AngularSPAWebAPI icon indicating copy to clipboard operation
AngularSPAWebAPI copied to clipboard
verified publisher icon robisim74

Multiples IdentityServer4.Models.Client

Open inferiore opened this issue 7 years ago • 2 comments

Hello yor example is very good and clear. i see that you register manually and in memory the client called AngularSPA, in Config.cs file. ....... // Clients credentials. return new List<Client> { // http://docs.identityserver.io/en/release/reference/client.html. new Client { ClientId = "AngularSPA", AllowedGrantTypes = GrantTypes.ResourceOwnerPassword, // Resource Owner Password Credential grant. AllowAccessTokensViaBrowser = true, RequireClientSecret = false, // This client does not need a secret to request tokens from the token endpoint.

                AccessTokenLifetime = 900, // Lifetime of access token in seconds.

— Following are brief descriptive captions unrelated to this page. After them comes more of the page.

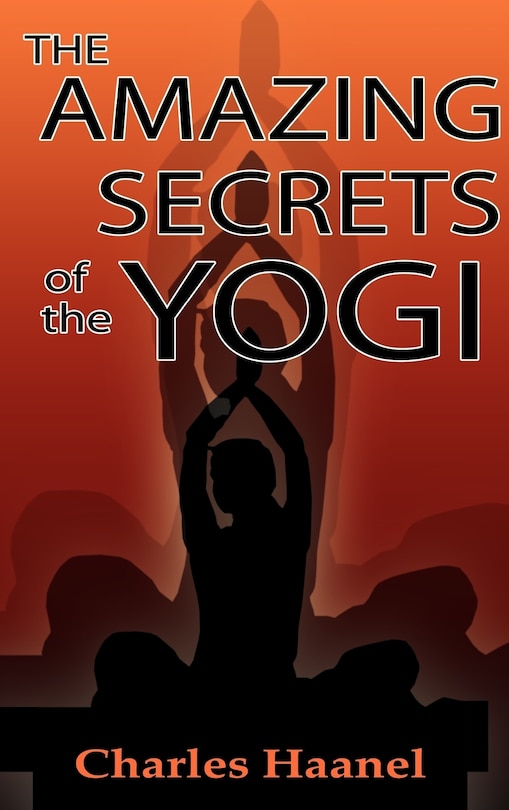 Front cover_The Amazing Secrets of the Yogi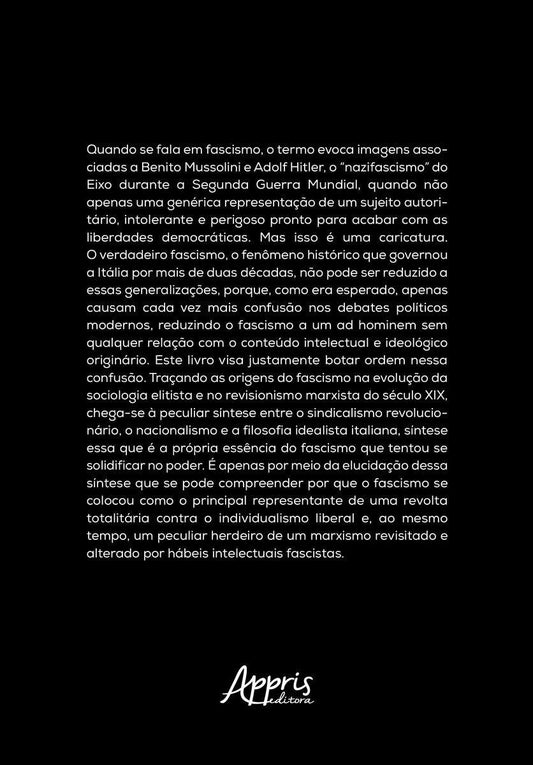O Fascismo Como Ideologia e a Revolta Totalitária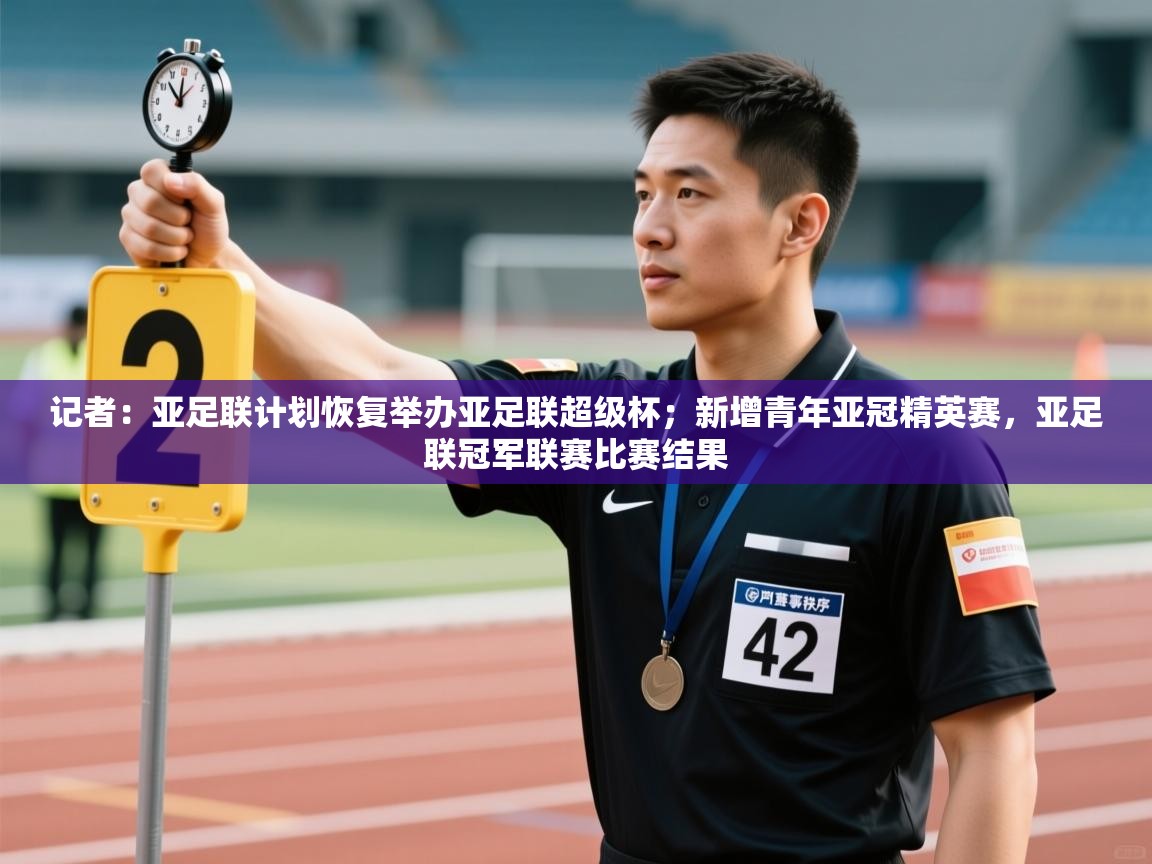 乐动体育官网地址-记者：亚足联计划恢复举办亚足联超级杯；新增青年亚冠精英赛，亚足联冠军联赛比赛结果  第2张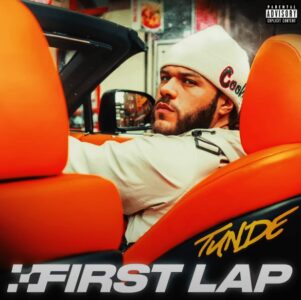 Listen to Tunde's debut project 'First Lap' featuring Potter Payper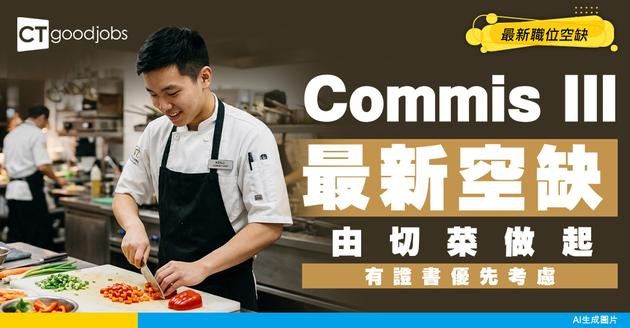【Commis III招聘】西廚最基礎職位！由切菜做起！有廚藝證書優先考慮！附最新空缺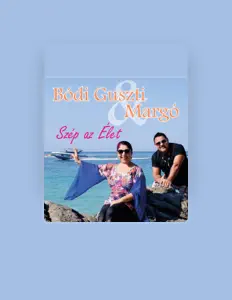 Bódi Guszti & Margó सुनें, म्यूज़िक वीडियो देखें, बायो पढ़ें, दौरे की तारीखें और बहुत कुछ देखें!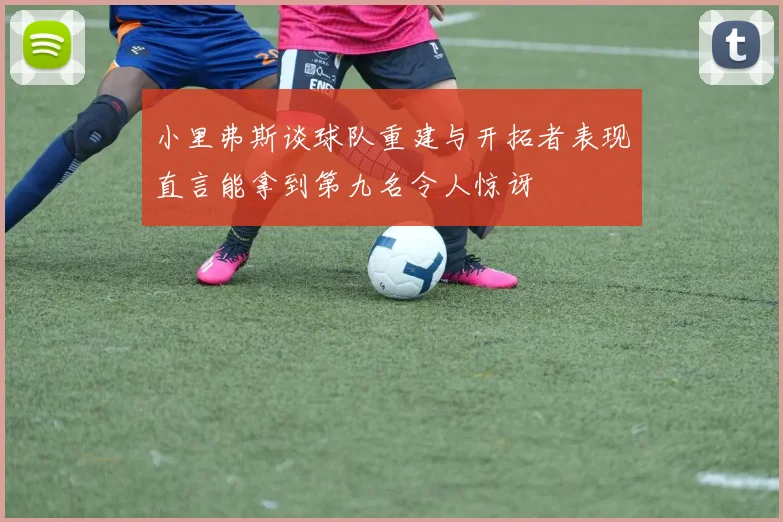 小里弗斯谈球队重建与开拓者表现直言能拿到第九名令人惊讶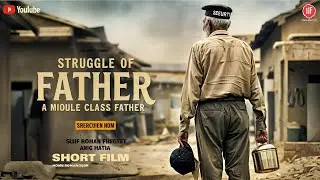 Struggle Of Father | A middle Class father motivational short film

                AllowedScopes = {
                    IdentityServerConstants.StandardScopes.OpenId, // For UserInfo endpoint.
                    IdentityServerConstants.StandardScopes.Profile,
                    "roles",
                    "WebAPI"
                },
                AllowOfflineAccess = true, // For refresh token.
                RefreshTokenUsage = TokenUsage.OneTimeOnly,
                AbsoluteRefreshTokenLifetime = 7200,
                SlidingRefreshTokenLifetime = 900,
                RefreshTokenExpiration = TokenExpiration.Sliding
            }
        };

....... if i need to register other client and then save in database? other question is is how get a current user in a controller? Thank so much.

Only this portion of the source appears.